Subspecies of flowering plant in the orchid family

Dactylorhiza majalis subsp. praetermissa, the southern marsh orchid or leopard marsh orchid, is a commonly occurring species of European orchid. Some authorities consider it a separate species, Dactylorhiza praetermissa.

==Description==
Dactylorhiza majalis subsp. praetermissa grows to 70 cm tall, with leaves generally unspotted. The flowers, appearing from May to July, are various shades of pink with variable markings. The basal lip of the flower is rounded.

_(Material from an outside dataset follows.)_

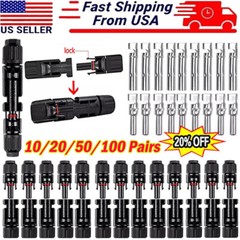 100 Pairs Male Female Wire Cable Connector Set Solar Panel Waterproof Connectors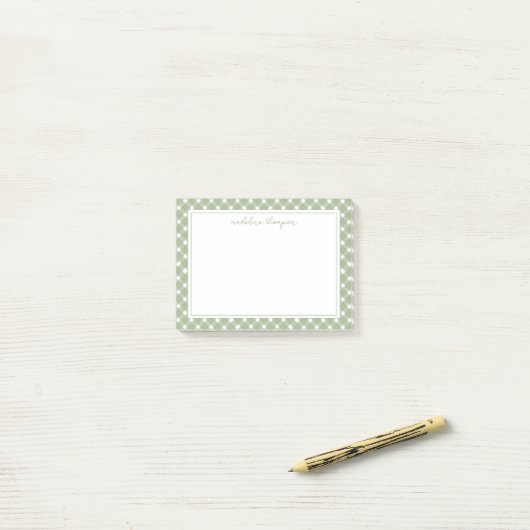 Basic Gingham Sage Green Border Post-it Klebezettel (Auf Schreibtisch)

This species is able to form hybrids with other Dactylorhiza species, and crosses with Dactylorhiza maculata subsp. fuchsii occur especially often.

==Distribution and habitat==
It is native to northern and central Europe (Britain, Denmark, Norway, Sweden, Germany, Netherlands, Belgium, France, Estonia and Latvia). It is also reportedly naturalized in Italy and in parts of Canada (Ontario and Newfoundland).

This species is found close to water, in damp calcareous or neutral meadows, fens, by ponds, lakes, or reservoirs, and in dune slacks.

==Ecology==

The flowers of this species are pollinated by insects including the cuckoo bee and skipper butterfly.

Dactylorhiza are known to be mycorrhizal generalists. D. m. subsp. praetermissa has been shown to benefit from association with fungal species in the genus Rhizoctonia and others in the Tulasnellaceae family.